The sixth mass extinction of global wildlife already underway is seriously threatening the world’s food supplies, experts say.
“Huge proportions of the plant and animal species that form the foundation of our food supply are just as endangered [as wildlife] and are getting almost no attention,” said Ann Tutwiler, director-general of Bioversity International, a research group that published a report on Tuesday.
“If there is one thing we cannot allow to become extinct, it is the species that provide the food that sustains each and every one of the 7 billion people on our planet,” she said in an article for the Guardian.
Illustration: Lance Liu
“This ‘agrobiodiversity’ is a precious resource that we are losing and yet it can also help solve or mitigate many challenges the world is facing. It has a critical, yet overlooked role in helping us improve global nutrition, reduce our impact on the environment and adapt to climate change,” she said.
Three-quarters of the world’s food comes from just 12 crops and five animal species and this leaves supplies vulnerable to disease and pests that can sweep through large areas of monocultures, as happened in the Irish potato famine when 1 million people starved to death.
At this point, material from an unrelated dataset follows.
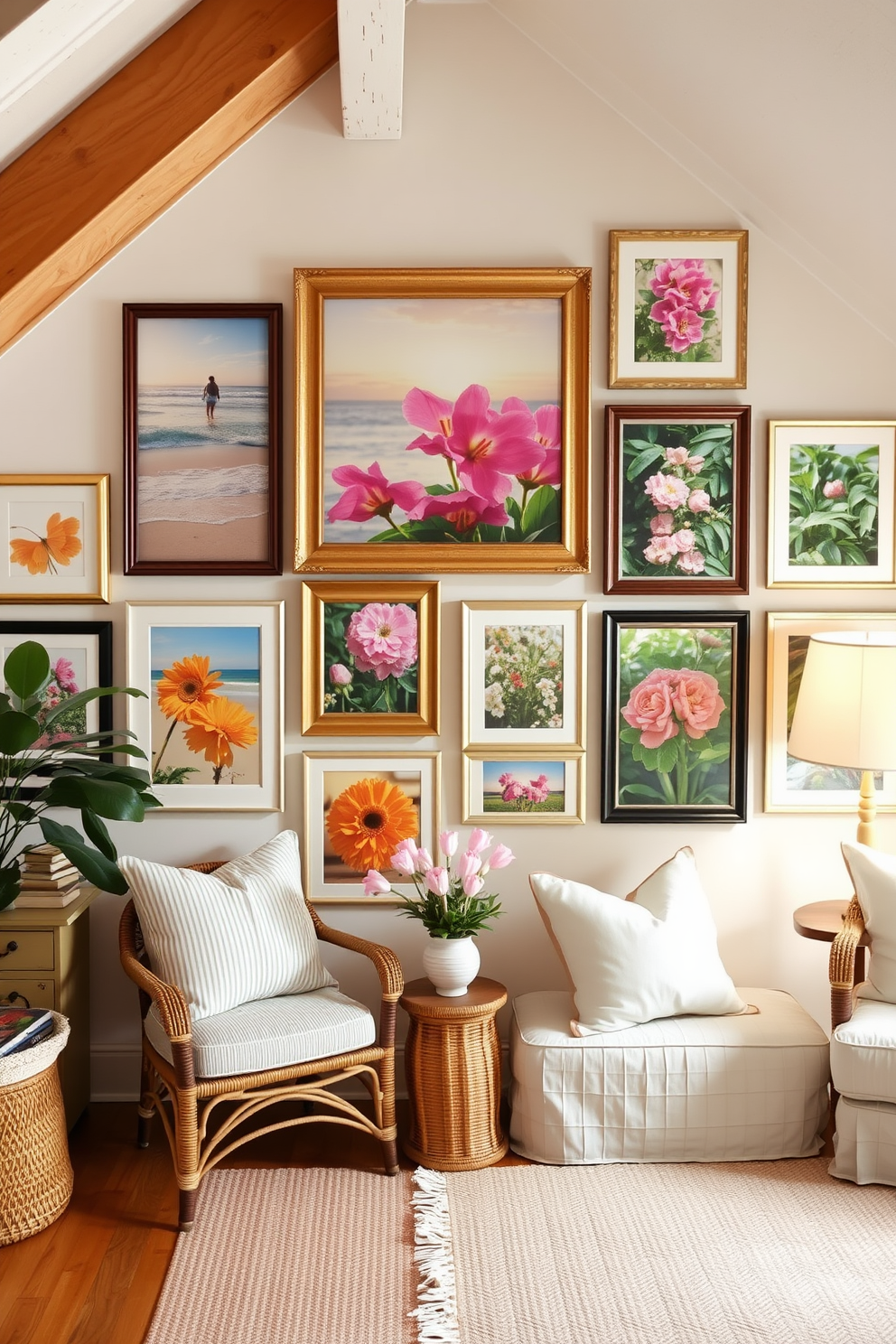 Create a gallery wall featuring a curated collection of summer photos showcasing vibrant beach scenes and lush garden blooms. The frames are arranged in an eclectic style with a mix of colors and textures that complement the room's decor. Transform your attic into a cozy summer retreat with light, airy furnishings and natural textures. Incorporate soft pastel colors and comfortable seating areas that invite relaxation and enjoyment of the warm season.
Reliance on only a few strains also means the world’s fast-changing climate will cut yields just as the demand from a growing global population is rising.
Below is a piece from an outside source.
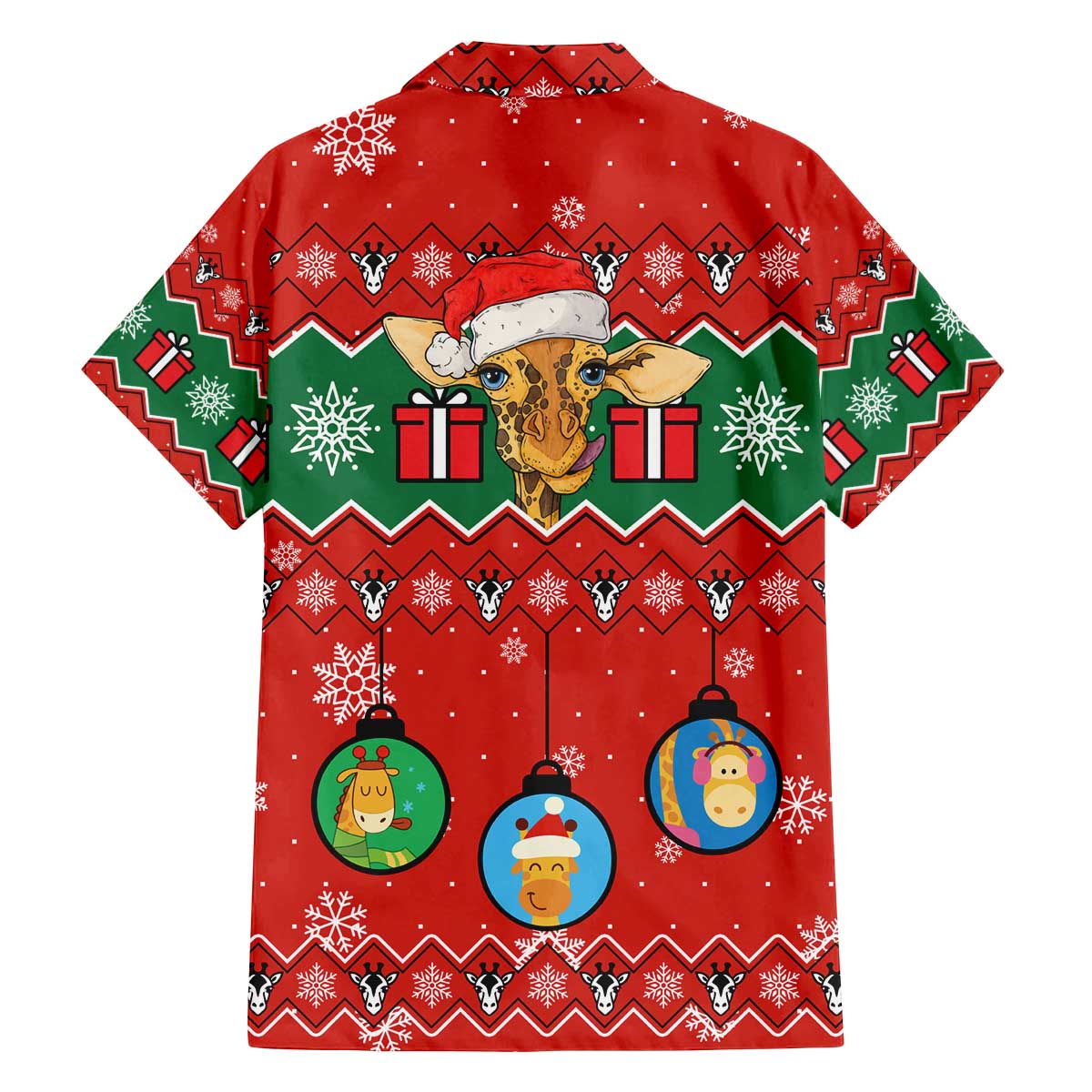 Lovely Giraffe Christmas Family Matching Off The Shoulder Long Sleeve Dress and Hawaiian Shirt Xmas Holiday Patterns - Wonder Print Shop
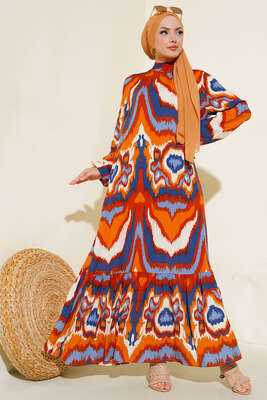 Dik Yaka Desenli Elbise Taba - Elbise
There are tens of thousands of wild or rarely cultivated species that could provide a richly varied range of nutritious foods, resistant to disease and tolerant of the changing environment.
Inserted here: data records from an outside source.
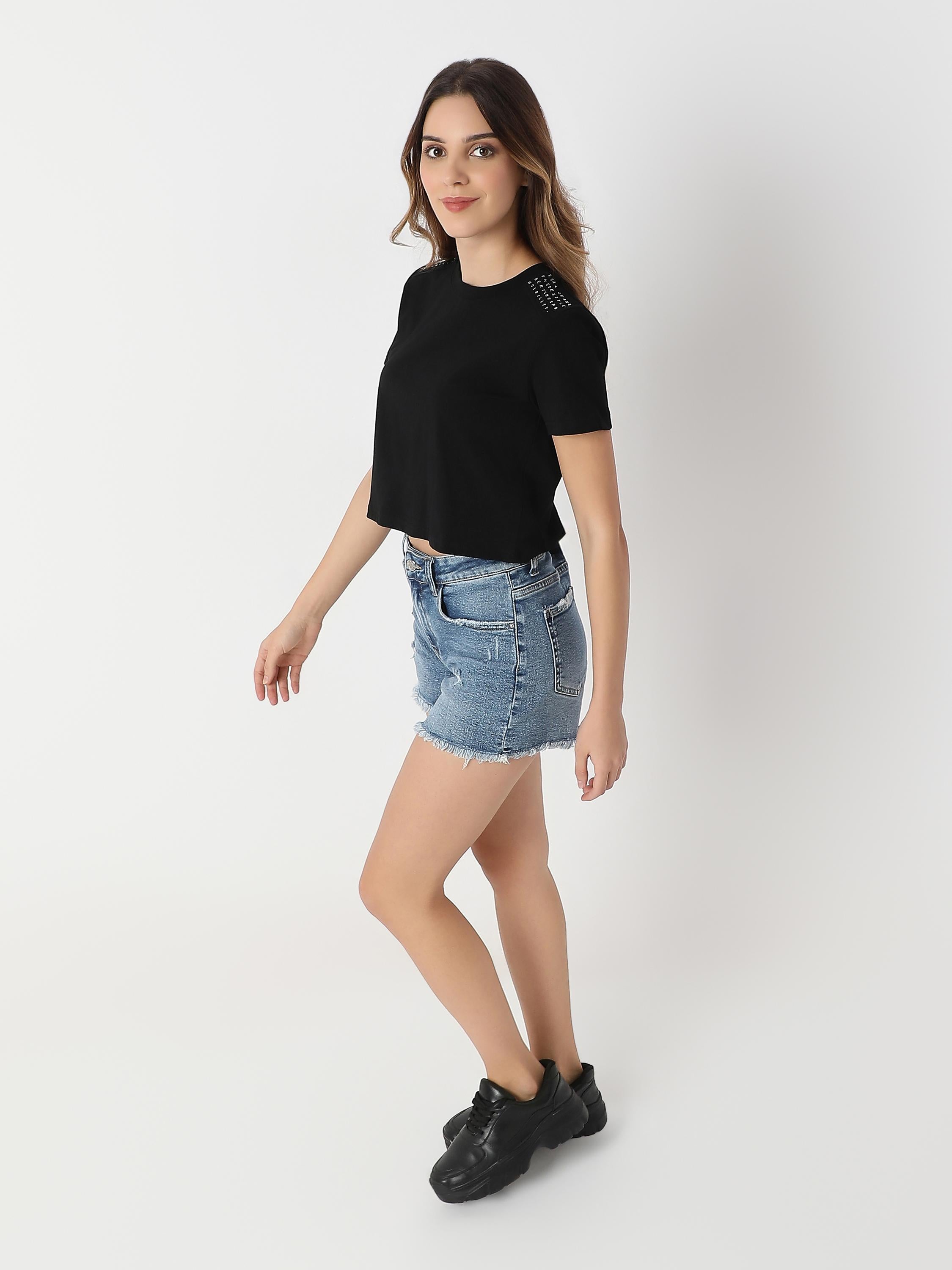 Minimal Stud Shoulder Crop Top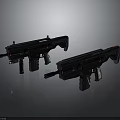 Two Black Assault Rifles With Red Accents Modern Futuristic Tactical Design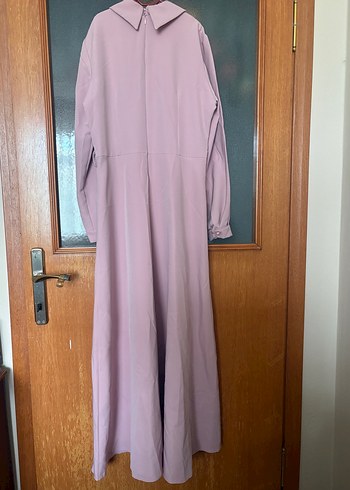 Diğer Dantel Detaylı Uzun Kollu pembe Elbise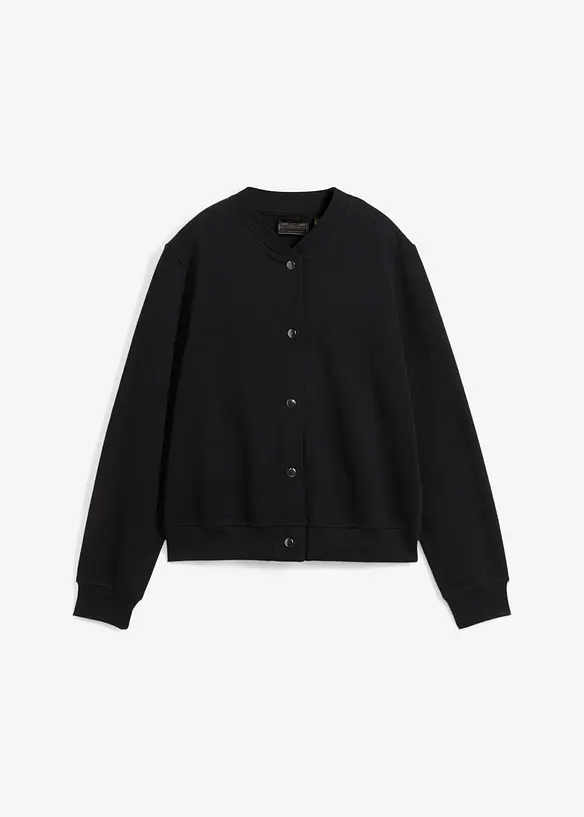 Sweatshirtjacka med knappslå, bonprix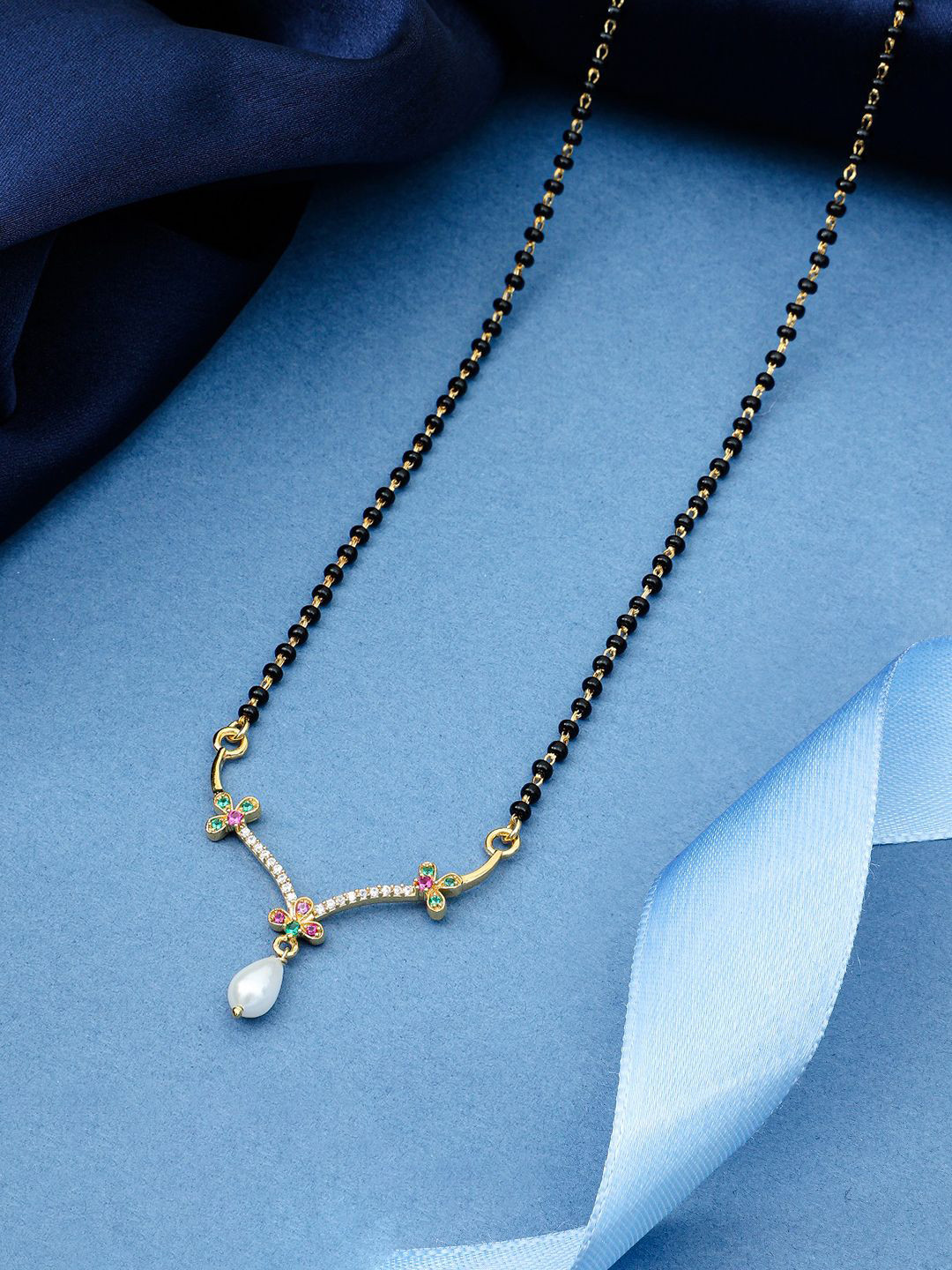 MAIRA 925 Sterling Silver 18K Gold-Plated Crystals Studded & Pearl Beaded Mangalsutra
However, the destruction of wild areas, pollution and overhunting has started a mass extinction of species on Earth.
The focus has been on wild animals — half of which have been lost in the past 40 years — but the report shows that the same pressures are endangering humanity’s food supply, with at least 1,000 cultivated species already endangered.
Saving the world’s agrobiodiversity is also vital in tackling the No. 1 cause of human death and disability in the world — poor diet, which includes both too much and too little food, Tutwiler said.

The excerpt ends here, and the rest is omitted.